Required action: When you reach the line that contains "snow eagle lord", set down that line and every one after it through the end of the records, exactly as written and with no pictures.

Input data:
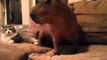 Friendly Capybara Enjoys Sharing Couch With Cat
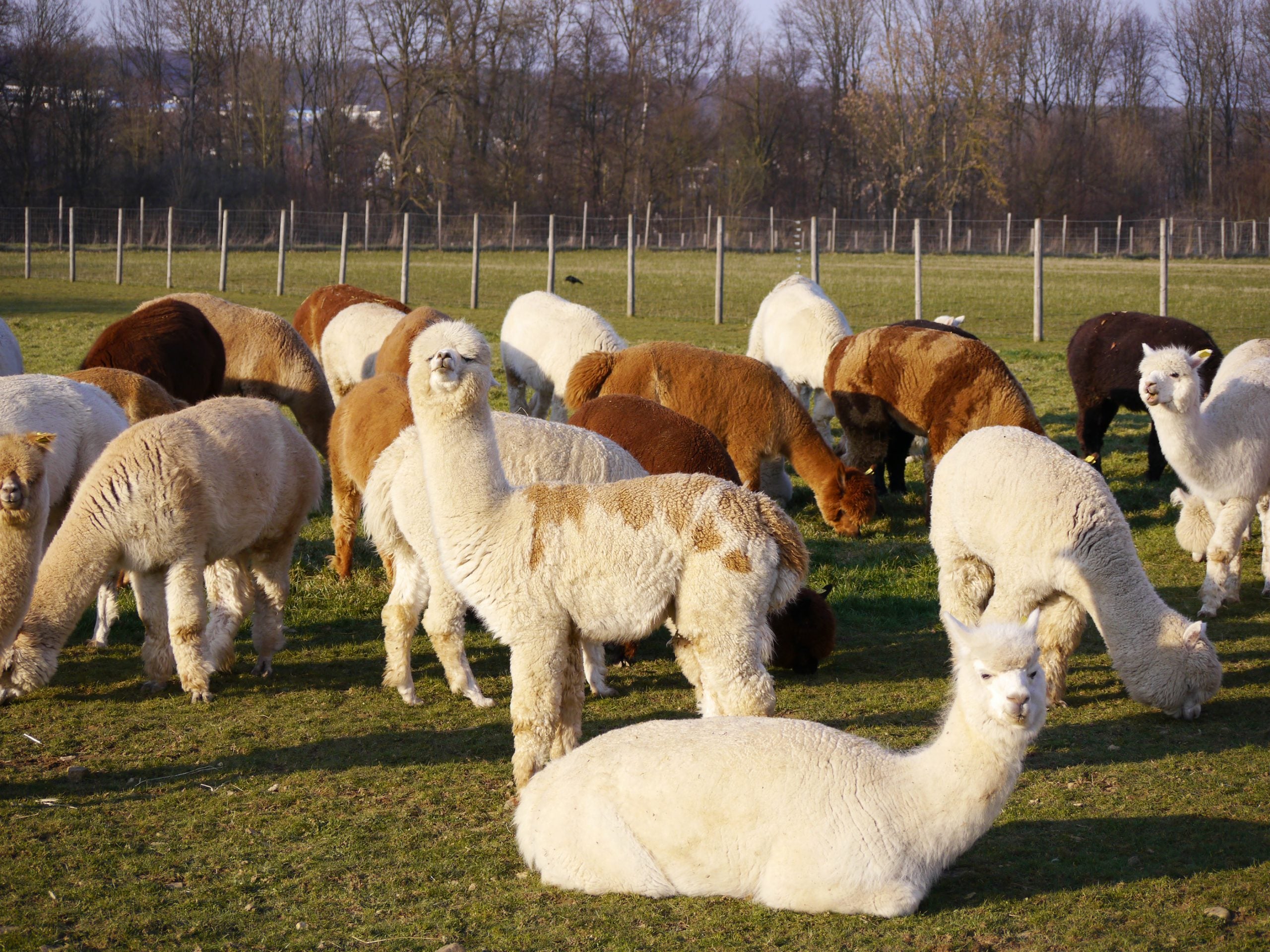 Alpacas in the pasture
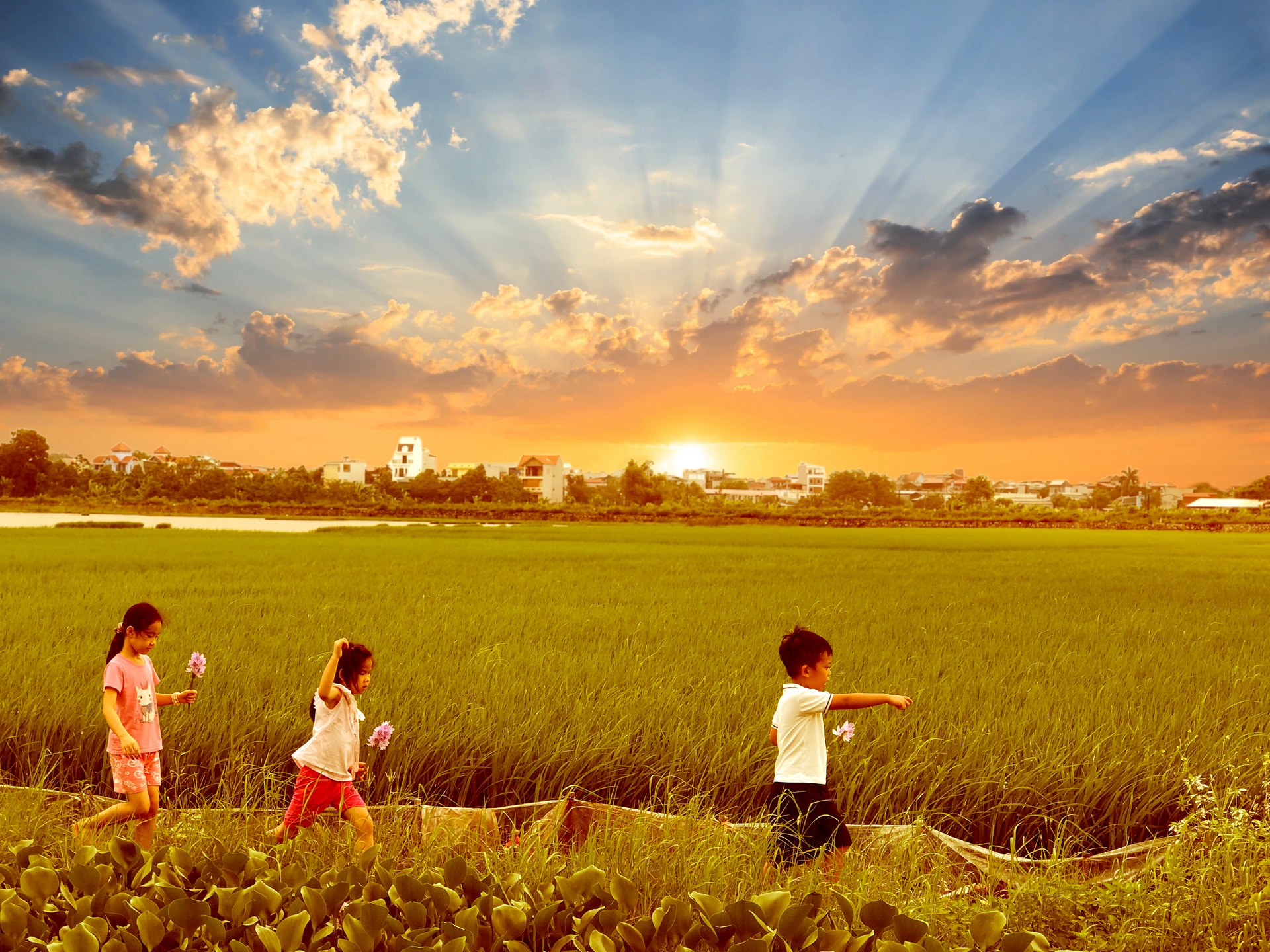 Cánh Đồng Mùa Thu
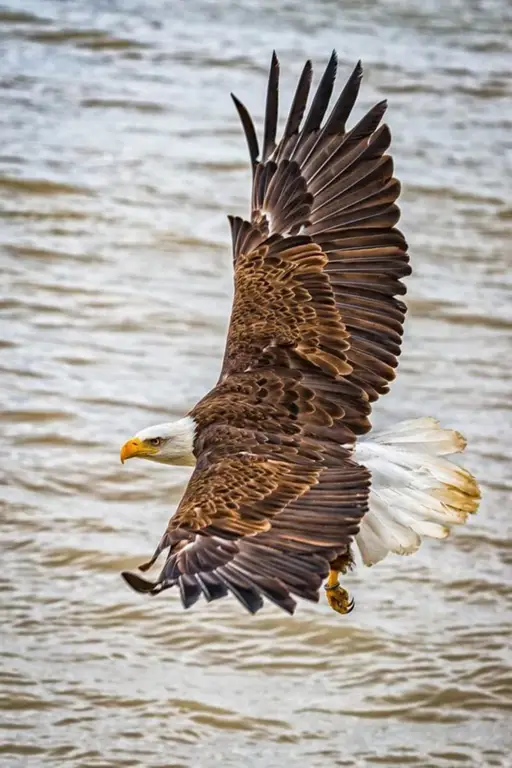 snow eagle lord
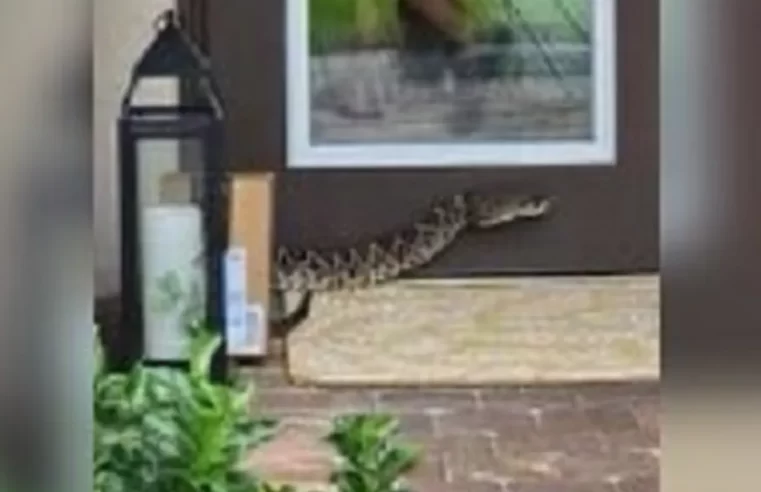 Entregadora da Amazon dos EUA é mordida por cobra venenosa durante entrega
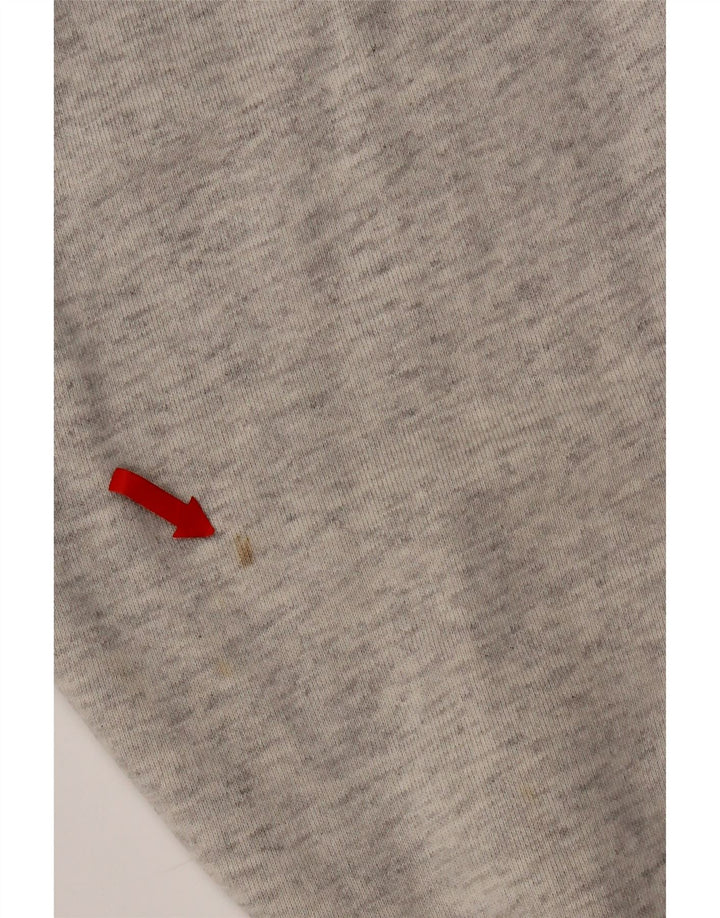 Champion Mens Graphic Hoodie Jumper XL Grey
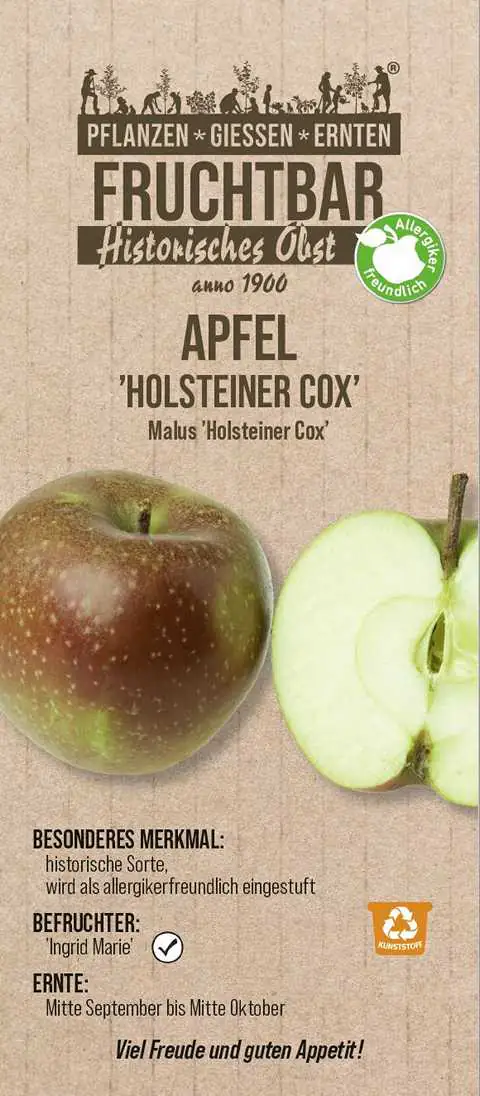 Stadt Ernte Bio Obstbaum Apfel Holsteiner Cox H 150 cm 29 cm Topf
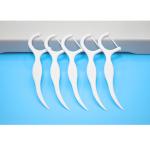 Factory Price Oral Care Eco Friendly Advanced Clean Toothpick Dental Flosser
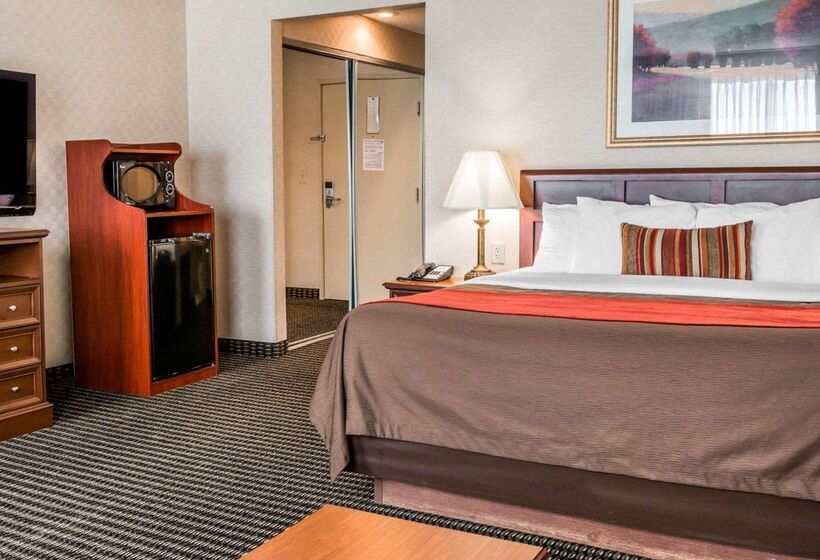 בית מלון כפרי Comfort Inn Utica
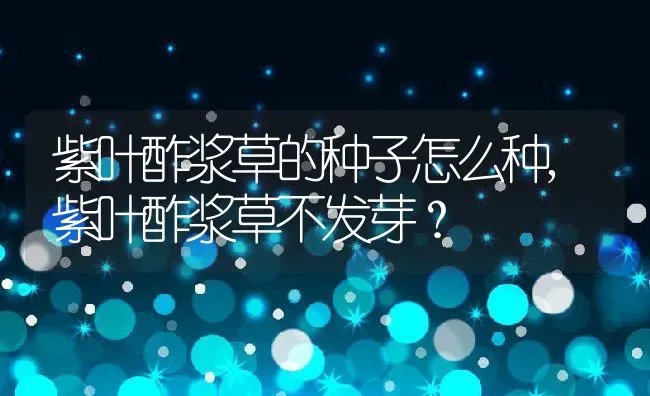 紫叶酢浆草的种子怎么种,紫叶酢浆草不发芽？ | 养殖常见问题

Solution below:
 snow eagle lord
 Entregadora da Amazon dos EUA é mordida por cobra venenosa durante entrega
 Champion Mens Graphic Hoodie Jumper XL Grey
 Stadt Ernte Bio Obstbaum Apfel Holsteiner Cox H 150 cm 29 cm Topf
 Factory Price Oral Care Eco Friendly Advanced Clean Toothpick Dental Flosser
 בית מלון כפרי Comfort Inn Utica
 紫叶酢浆草的种子怎么种,紫叶酢浆草不发芽？ | 养殖常见问题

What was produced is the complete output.